I like the idea of a gut hook knife for stripping hogs: That is, making multiple cuts from neck to rear end, and then pulling those 3 to 4 inch wide strips off one by one. Stripping is the easiest way I know of skinning a hog. I have not yet found a gut hook knife which suits me. You might look at Maverick's report on gut hook knives in the EQUIPMENT section to see some of my thoughts on gut hook knives. Some of my response to Maverick, I have reproduced in the following paragraphs:
One of the major reasons that folks feel they need gut hook knives for gutting hogs and deer is that they use hunting knives with too much upthrust on the blade points. The way Jake Schauer taught me to gut a deer was first of all to buy a good quality hunting knife (he won his Marble's knife, and the axe that went along with it, in a drawing) with a deep DROP POINT. You hook fewer guts with the, and I repeat, DEEP drop point.

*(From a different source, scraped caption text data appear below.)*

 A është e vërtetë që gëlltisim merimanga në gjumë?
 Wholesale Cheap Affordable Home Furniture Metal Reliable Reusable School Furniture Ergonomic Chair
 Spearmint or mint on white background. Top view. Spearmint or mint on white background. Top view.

Secondly, you run the knife edge-up between the pointer and middle fingers of your off hand (left for me, and right for you, Maverick). You cut from pelvis to sternum, pulling the abdominal wall and skin up away from the guts while running fingers and knife ahead -- cutting as you go. When you get to the sternum run to the side your right or left-handedness favors. It is rather easy to cut the cartilage and gristle between the end of the ribs and the sternum.
When beginning on the thorax, take special care not to nick the stomach with the point of your knife. I usually hold the stomach down, away from the sternum and guide my knife under and parallel with the ribs. Finding the juncture between the ribs and the sternum in the various ungulates is easy because the sternum projects a couple of inches beyond the last connected rib.

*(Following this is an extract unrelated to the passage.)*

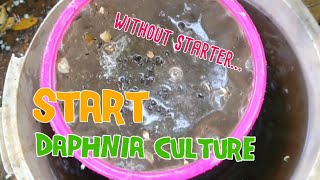 How to culture daphnia moina the easy way 1  Starting the Daphnia culture [upl. by Sregor]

I place my blade and jerk up: On the first jerk, I usually have cut far enough up into the chest that I can quit worrying about cutting the stomach. I then get both hands on the knife and sort of slice-jerk my way up through the ribs to the breastbones. Make sure innocent bystanders are not leaning over you nor have their hands in the way while you are cutting through the ribs -- they may have to be rushed to the emergency room if they get in the way.
Probably the toughest part is the last cut -- through the breast bones. For this I usually have to get my hands into the chest itself, feed my knife blade through between the breastbones (blade parallel with the neck vertebrae) and again, slice and jerk upward. Since I have no intention of spending money on mounts which will ultimately end up in the garage rafters, and I want my meat quickly and thoroughly cooled, I cut the neck all the way up to and ahead of the voice box. I cut windpipe and esophagus, and proceed back through the body cavity to cut everything loose -- taking special care to keep the esophagus from leaking into the body cavity as I work back.

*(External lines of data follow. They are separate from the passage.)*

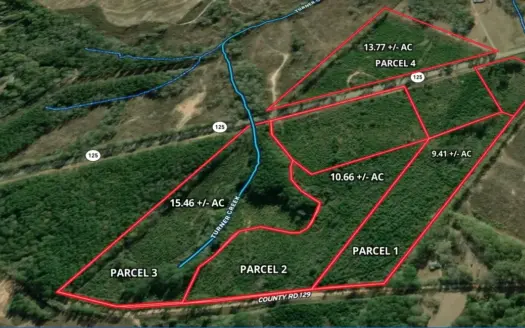 13.77± Acres for Sale in Coffee County, Alabama
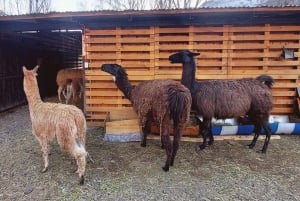 Andes Portillo & Aconcagua-vintur, semi-privat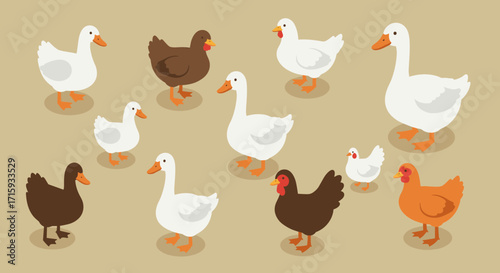 Farm animals collection: isometric geese, ducks, and chickens in various colors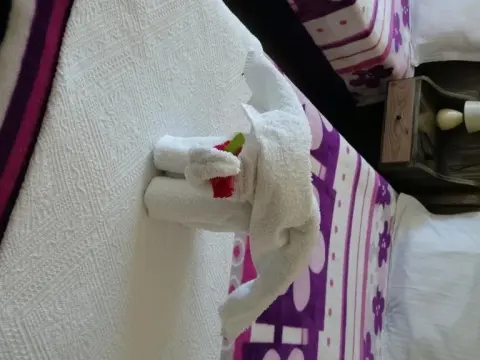 Wallabies Aquaduct Hotel - Foto 2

The hunter who expects to kill game should carry a drop point knife. The other blade styles may look wicked, and be great to show around in camp, but they have little utility in actual hunting. I fail to see the use of an upturned point, skinner-type blade unless you have an elk tied on a sidehill which has to be skinned and quartered on the ground. And I admit, I have used a skinner knife on bison a couple of times (usually though, I did the bison shooting, and someone else did the skinning).
On the other hand, a sturdy knife with a long, narrow blade is to be preferred for killing a hog through the sticking spot between neck and breastbones. Then again, a sturdy, long, bowie-type blade with a big tang (like the Western Bowie) is probably best for killing hogs which are stabbed behind the front leg; so argued Sir Samuel White Baker, who killed many boar with such a knife. But I prefer a thick 4" blade with a deep drop point for field dressing. The handle should be square or round -- without finger grooves -- because it will be used blade up most of the time. Come to think about it, this is almost word-for-word the advice given by Theodore Roosevelt for an ideal hunting knife back in the mid-1890s.